The first two orders sought on this application, as they appear in an amended version of it admitted at the hearing as exhibit 3, are:
1. Pursuant to Rule 483 the issues raised in paragraph IJ(f) of the Plaintiff’s Further Amended Reply and Answer in action number S2065 of 1999 be decided as a separate question and that separate question be decided contemporaneously with this application.
1A. Further or alternatively that paragraphs 8B to 8W of the Further Amended Further Amended Defence inclusive be disallowed to the extent that they are relied upon by the Defendant to assert a position contrary to that pleaded by the Defendant in the Federal Court, namely, that the Australian Rugby Union Limited (“ARU”) was obliged to make payments to the Defendant out of moneys received by ARU from News Corporation under the News Agreement in the sum of USD70,000.00 per annum for the 1996 Ballymore Tens Tournament and for subsequent tournaments in that sum indexed at 7% per annum in respect of the Ballymore Tens and that the Defendant was obliged to account to the Plaintiff for 75% of such payments.
Other orders sought are for costs, and such further or other order as to the Court seems appropriate. The order numbered 1A was formulated in the course of the hearing and argument focussed on it. Mr Gotterson Q.C., for the plaintiff, conceded that if his client failed in its application for that order it could not succeed in obtaining the order numbered 1. On behalf of the defendant objection was taken to amendment of the application to include the order numbered 1A on grounds that appear at p.62 of the transcript, but since argument focussed on it and I take the view that the plaintiff must fail in any event on this application I shall not consider those grounds further.
Paragraph 8B of the amended defence and counter-claim dated 28 February 2000 (exhibit JER 17 to Mr Rogers’s affidavit filed 24 March 2000) is as follows:
8B.(a) The defendant denies the allegations made in paragraphs 8B, 8C, 8D and 8E of the Statement of Claim because it says that the facts concerning those matters, and conclusions to be drawn from them, are as set out in paragraph 8C-8W herein, and are not as alleged at paragraphs 8B, 8C, 8D and 8E of the Statement of Claim.
(b)The defendant denies the allegations made in paragraph 18A of the Statement of Claim because the payment pleaded was not paid as the plaintiff’s entitlement in respect of television broadcasting rights for the first and second Ballymore Tens Tournaments, but as part of a without prejudice settlement of the plaintiff’s Federal Court proceedings no. 64 of 1997 against the Australian Rugby Union Limited and partial settlement of the plaintiff’s Federal Court proceedings against the defendant, also in no. 64 of 1997.

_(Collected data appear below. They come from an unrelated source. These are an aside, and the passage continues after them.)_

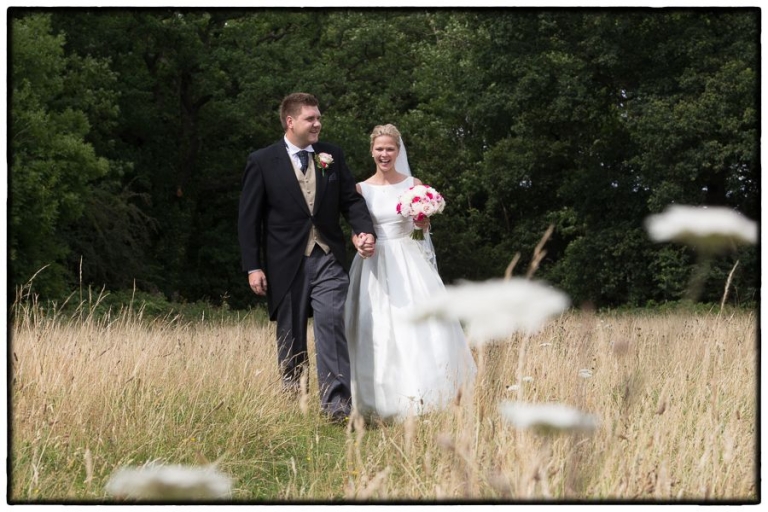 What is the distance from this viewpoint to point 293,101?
517 cm

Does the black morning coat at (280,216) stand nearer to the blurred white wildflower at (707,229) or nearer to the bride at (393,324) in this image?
the bride at (393,324)

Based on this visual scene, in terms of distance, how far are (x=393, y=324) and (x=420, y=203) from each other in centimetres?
71

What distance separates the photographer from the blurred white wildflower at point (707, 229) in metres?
1.57

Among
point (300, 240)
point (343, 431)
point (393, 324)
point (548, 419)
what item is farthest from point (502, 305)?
point (393, 324)

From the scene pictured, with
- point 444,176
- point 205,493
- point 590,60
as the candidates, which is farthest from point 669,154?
point 205,493

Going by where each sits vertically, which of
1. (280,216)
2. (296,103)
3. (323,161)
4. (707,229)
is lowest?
(707,229)

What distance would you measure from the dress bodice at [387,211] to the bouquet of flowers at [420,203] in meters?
0.12

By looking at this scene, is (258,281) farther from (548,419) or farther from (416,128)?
(416,128)

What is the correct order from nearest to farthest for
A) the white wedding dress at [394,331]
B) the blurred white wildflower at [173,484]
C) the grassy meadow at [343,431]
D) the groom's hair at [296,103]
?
1. the blurred white wildflower at [173,484]
2. the grassy meadow at [343,431]
3. the groom's hair at [296,103]
4. the white wedding dress at [394,331]

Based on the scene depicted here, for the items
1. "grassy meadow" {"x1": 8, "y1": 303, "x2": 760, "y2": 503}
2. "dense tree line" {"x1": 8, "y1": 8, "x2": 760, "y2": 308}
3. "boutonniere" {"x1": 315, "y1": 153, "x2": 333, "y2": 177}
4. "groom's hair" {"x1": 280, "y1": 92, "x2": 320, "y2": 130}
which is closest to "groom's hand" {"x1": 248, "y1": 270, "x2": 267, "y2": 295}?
"grassy meadow" {"x1": 8, "y1": 303, "x2": 760, "y2": 503}

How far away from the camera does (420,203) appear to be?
5574 mm

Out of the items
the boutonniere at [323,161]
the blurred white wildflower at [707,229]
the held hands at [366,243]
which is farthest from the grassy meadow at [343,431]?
the boutonniere at [323,161]

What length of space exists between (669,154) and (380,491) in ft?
53.1

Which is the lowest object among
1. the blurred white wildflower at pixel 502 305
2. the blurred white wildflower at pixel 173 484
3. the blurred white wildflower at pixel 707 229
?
the blurred white wildflower at pixel 173 484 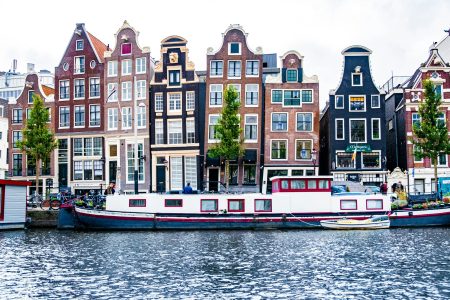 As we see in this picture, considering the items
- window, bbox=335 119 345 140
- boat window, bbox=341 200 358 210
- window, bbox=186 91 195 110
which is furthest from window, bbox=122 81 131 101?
boat window, bbox=341 200 358 210

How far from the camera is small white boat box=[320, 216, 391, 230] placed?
46281 millimetres

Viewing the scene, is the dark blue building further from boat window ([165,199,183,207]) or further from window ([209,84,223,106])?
boat window ([165,199,183,207])

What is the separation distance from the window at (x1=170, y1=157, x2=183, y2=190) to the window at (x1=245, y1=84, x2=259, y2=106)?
A: 9.72 m

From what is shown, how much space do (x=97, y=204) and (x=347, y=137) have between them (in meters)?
27.7

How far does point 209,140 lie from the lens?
64250 mm

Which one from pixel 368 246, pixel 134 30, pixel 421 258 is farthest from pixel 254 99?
pixel 421 258

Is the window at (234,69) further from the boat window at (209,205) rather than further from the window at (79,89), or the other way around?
the boat window at (209,205)

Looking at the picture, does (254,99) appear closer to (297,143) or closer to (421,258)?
(297,143)

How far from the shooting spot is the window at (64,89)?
6962 centimetres

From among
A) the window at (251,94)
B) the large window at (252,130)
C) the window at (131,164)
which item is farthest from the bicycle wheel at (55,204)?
the window at (251,94)

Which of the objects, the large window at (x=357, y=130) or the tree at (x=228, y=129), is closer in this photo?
the tree at (x=228, y=129)

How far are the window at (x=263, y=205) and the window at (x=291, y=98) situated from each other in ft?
60.5

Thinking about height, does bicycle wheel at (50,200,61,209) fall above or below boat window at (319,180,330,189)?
below

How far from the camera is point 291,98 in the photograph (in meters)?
64.1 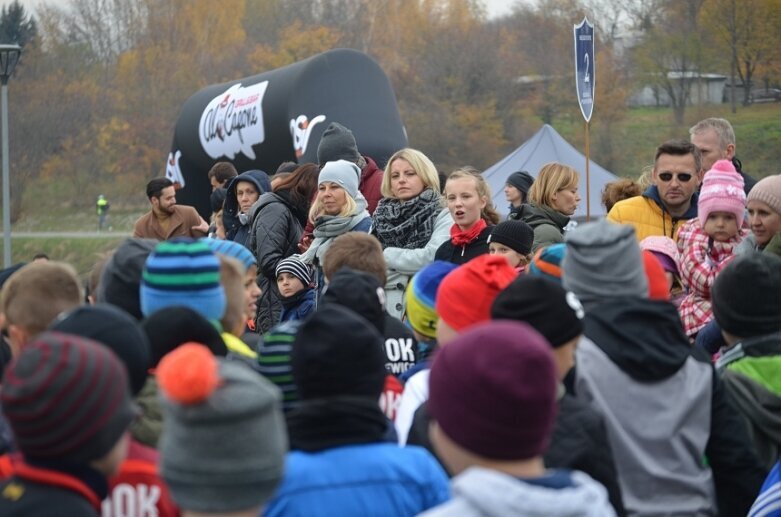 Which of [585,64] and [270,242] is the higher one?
[585,64]

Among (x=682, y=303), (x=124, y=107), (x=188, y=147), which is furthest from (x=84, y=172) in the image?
(x=682, y=303)

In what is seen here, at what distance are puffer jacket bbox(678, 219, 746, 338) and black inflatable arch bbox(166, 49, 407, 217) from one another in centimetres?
757

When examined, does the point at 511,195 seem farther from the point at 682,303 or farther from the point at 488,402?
the point at 488,402

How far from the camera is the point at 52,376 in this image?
7.47 feet

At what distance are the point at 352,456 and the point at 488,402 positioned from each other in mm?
547

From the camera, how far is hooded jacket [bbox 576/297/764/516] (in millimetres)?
3467

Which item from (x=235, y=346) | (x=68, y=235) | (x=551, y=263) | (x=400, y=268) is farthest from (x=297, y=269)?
(x=68, y=235)

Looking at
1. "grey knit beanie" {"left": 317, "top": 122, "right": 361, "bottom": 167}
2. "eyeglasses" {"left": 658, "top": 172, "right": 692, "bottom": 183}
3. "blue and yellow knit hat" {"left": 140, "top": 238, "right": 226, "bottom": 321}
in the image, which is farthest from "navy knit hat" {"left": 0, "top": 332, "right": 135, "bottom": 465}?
"grey knit beanie" {"left": 317, "top": 122, "right": 361, "bottom": 167}

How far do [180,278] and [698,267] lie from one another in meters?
3.26

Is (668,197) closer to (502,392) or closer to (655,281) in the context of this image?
(655,281)

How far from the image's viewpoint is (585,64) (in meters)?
9.91

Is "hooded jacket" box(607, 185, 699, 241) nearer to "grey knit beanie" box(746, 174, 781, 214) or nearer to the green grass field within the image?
"grey knit beanie" box(746, 174, 781, 214)

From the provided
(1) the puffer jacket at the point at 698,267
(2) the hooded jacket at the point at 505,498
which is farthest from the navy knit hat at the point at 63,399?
(1) the puffer jacket at the point at 698,267

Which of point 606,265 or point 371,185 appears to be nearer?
point 606,265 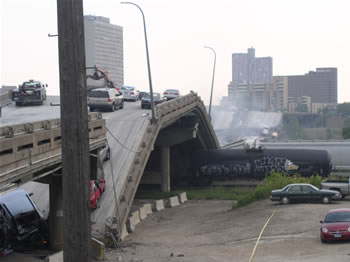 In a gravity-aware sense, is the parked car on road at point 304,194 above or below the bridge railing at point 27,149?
below

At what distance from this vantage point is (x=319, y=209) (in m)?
28.8

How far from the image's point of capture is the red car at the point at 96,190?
27672 millimetres

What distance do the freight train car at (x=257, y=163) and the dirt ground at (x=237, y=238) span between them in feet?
59.1

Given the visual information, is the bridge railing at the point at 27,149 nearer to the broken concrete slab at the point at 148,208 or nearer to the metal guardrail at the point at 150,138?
the metal guardrail at the point at 150,138

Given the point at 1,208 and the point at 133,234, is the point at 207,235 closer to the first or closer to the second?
the point at 133,234

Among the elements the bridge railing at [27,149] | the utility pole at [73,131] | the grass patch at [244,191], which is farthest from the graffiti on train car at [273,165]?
the utility pole at [73,131]

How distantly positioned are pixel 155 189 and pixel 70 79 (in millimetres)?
53304

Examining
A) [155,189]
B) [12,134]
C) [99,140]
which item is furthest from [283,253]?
[155,189]

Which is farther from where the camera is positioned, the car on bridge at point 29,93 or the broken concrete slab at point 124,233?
the car on bridge at point 29,93

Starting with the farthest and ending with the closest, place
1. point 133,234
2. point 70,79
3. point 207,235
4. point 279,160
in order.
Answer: point 279,160 → point 133,234 → point 207,235 → point 70,79

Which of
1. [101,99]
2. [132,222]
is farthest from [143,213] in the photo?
[101,99]

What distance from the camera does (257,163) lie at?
55.4 metres

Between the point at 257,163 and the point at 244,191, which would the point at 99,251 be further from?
the point at 257,163

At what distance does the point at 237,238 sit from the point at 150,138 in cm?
1540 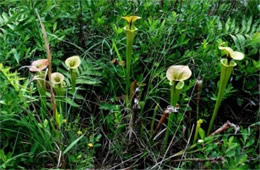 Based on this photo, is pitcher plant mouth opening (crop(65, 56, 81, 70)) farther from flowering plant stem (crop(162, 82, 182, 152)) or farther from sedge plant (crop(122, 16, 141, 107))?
flowering plant stem (crop(162, 82, 182, 152))

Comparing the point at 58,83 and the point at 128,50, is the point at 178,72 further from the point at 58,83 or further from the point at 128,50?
the point at 58,83

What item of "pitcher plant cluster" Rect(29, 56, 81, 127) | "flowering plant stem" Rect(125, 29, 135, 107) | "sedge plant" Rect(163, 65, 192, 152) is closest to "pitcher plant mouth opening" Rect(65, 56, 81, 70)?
"pitcher plant cluster" Rect(29, 56, 81, 127)

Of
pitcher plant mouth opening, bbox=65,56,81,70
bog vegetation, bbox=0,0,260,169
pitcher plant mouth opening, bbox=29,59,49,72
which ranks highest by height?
pitcher plant mouth opening, bbox=29,59,49,72

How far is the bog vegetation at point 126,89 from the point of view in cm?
103

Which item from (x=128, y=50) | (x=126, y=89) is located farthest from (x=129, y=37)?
(x=126, y=89)

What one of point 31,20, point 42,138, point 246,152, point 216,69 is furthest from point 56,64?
point 246,152

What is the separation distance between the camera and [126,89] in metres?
1.19

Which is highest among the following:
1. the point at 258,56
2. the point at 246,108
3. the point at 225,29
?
the point at 225,29

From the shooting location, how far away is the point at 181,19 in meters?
1.35

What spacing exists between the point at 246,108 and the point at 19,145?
32.1 inches

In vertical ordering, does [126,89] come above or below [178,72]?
below

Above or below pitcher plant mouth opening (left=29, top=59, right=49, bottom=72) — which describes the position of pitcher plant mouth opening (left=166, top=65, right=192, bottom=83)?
below

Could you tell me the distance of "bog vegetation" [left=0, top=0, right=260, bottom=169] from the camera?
3.37 ft

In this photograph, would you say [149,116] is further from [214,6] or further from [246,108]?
[214,6] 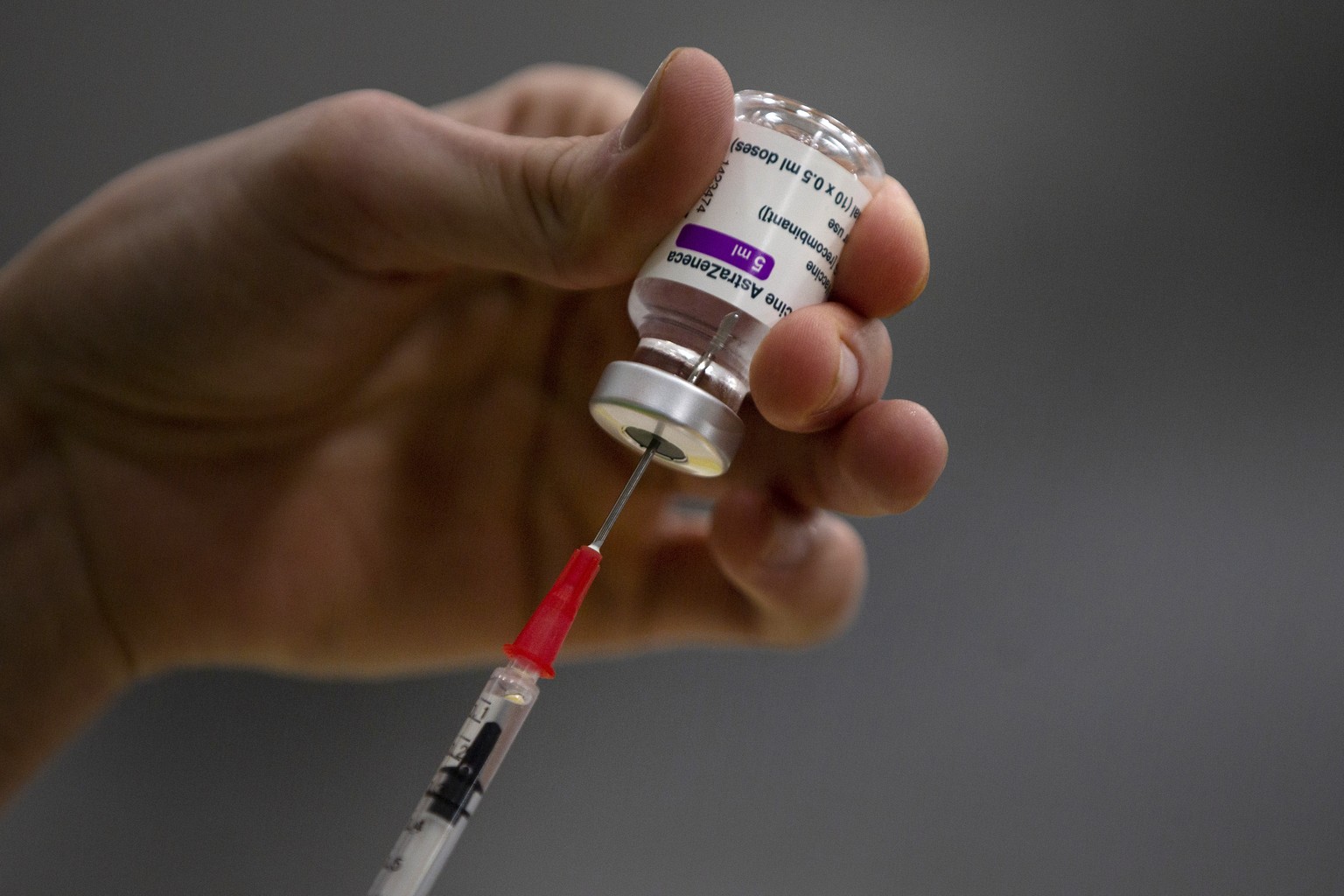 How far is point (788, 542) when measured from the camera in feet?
3.88

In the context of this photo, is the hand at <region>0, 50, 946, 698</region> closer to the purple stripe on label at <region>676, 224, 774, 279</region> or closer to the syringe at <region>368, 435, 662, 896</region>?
the purple stripe on label at <region>676, 224, 774, 279</region>

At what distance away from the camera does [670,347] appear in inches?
33.8

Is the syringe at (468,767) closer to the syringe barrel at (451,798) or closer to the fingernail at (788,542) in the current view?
the syringe barrel at (451,798)

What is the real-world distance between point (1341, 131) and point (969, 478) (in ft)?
2.90

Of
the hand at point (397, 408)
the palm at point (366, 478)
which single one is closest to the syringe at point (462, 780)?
the hand at point (397, 408)

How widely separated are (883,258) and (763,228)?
4.9 inches

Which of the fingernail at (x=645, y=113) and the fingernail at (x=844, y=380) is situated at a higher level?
the fingernail at (x=645, y=113)

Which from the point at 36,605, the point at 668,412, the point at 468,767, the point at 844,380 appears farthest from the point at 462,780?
the point at 36,605

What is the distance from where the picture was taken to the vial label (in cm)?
79

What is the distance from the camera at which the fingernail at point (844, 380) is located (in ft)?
2.76

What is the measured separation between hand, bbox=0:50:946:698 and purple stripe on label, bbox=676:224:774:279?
0.15ft

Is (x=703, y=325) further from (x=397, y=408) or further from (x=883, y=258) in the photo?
(x=397, y=408)

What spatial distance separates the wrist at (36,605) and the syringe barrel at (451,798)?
673 mm

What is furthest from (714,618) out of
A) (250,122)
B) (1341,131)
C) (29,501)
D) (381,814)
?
(1341,131) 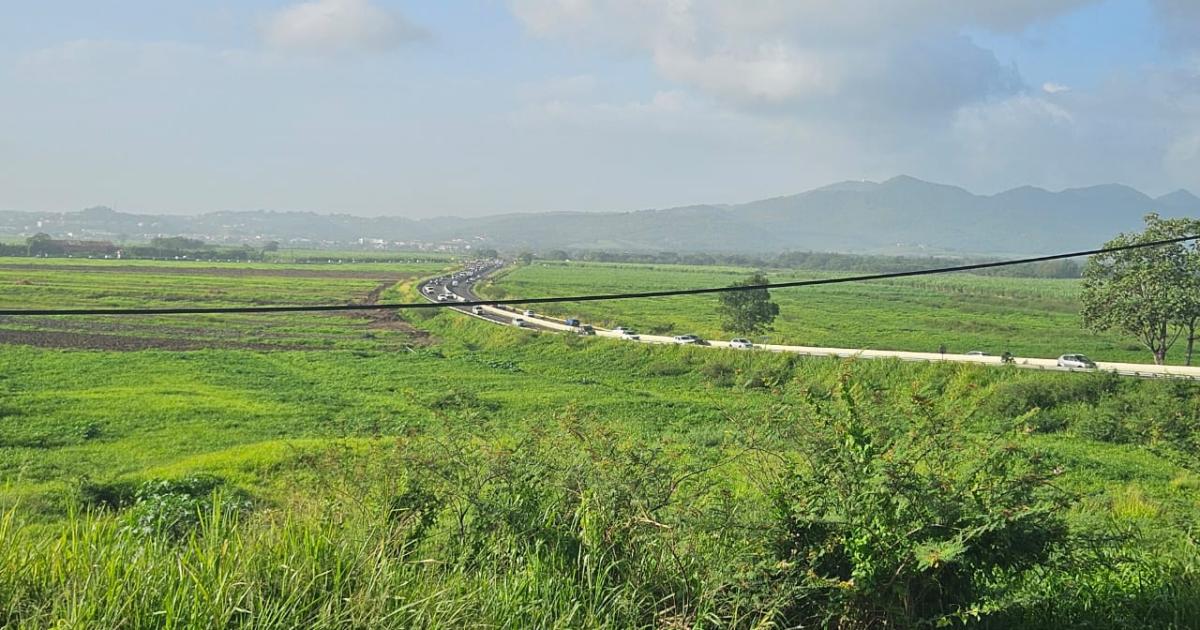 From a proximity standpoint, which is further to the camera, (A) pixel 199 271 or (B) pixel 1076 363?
(A) pixel 199 271

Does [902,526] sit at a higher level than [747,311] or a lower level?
higher

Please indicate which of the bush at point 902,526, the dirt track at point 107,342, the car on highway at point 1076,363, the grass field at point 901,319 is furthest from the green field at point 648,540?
the grass field at point 901,319

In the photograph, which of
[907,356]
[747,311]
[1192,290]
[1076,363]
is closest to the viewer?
[1192,290]

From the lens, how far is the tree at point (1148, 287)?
104 ft

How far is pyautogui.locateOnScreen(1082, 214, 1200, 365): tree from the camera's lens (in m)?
31.7

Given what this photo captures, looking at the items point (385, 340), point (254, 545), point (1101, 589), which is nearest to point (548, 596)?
point (254, 545)

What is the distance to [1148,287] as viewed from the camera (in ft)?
107

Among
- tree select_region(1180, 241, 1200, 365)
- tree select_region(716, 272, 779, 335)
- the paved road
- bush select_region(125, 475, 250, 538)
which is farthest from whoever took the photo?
tree select_region(716, 272, 779, 335)

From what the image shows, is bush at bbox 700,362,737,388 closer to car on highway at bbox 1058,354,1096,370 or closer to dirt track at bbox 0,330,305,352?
car on highway at bbox 1058,354,1096,370

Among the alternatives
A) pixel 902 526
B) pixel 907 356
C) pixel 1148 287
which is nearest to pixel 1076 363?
pixel 1148 287

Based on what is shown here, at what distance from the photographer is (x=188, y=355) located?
3681 cm

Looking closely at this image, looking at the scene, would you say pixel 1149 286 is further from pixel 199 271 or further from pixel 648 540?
pixel 199 271

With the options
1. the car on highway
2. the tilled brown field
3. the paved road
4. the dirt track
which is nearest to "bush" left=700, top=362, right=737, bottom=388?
the paved road

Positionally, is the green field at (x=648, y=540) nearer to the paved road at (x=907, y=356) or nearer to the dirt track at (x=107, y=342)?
the paved road at (x=907, y=356) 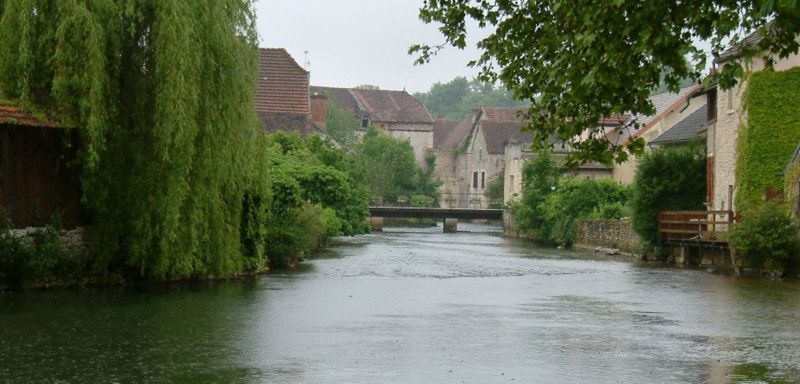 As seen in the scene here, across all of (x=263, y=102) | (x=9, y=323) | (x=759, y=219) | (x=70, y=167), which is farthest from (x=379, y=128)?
(x=9, y=323)

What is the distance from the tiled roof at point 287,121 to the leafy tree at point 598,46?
4699 cm

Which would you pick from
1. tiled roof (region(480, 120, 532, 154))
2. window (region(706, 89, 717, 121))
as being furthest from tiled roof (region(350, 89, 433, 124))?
window (region(706, 89, 717, 121))

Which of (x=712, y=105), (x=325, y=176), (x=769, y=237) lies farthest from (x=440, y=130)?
(x=769, y=237)

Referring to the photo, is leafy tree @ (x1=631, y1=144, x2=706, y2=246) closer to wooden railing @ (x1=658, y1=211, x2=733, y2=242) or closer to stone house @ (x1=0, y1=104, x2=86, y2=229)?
wooden railing @ (x1=658, y1=211, x2=733, y2=242)

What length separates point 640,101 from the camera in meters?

In paragraph 8C to 8V the facts on which the defendant relies are set out. Various letters (paragraphs 8E, 8G, 8H, 8I, 8J, and 8K), a meeting (paragraph 8F), and facsimiles (paragraphs 8L, 8M, 8N, 8O, 8P, and 8Q) are referred to, as are the heads of agreement and the News agreement (paragraphs 8C, 8R, and 8S). Paragraphs 8T to 8W are as follows:
8T. The defendant has never received any monies in respect of the television broadcasting rights to the Ballymore Tens from the ARU or from any other person.
8U. The ARU asserts that it is not liable to pay any monies to the plaintiff or defendant in respect of the television broadcasting rights to the Ballymore Tens.
8V. The ARU refuses to pay any monies to the plaintiff or defendant in respect of the television broadcasting rights to the Ballymore Tens.
8W. In the premises, the plaintiff had no rights to receive any monies for television broadcasting rights in respect of the Ballymore Tens under the agreement pleaded at paragraph 8B of the Statement of Claim or otherwise.
In making this application the plaintiff relies on an earlier version of the defence in response to an earlier version of the statement of claim. Argument before me proceeded on the premiss that the relevant versions were the amended statement of claim filed on 2 June 1998 and the amended defence and cross-claim filed on 9 June 1998 (exhibits JER 1 and JER 2 respectively to Mr Rogers’s affidavit filed on 13 May 1999).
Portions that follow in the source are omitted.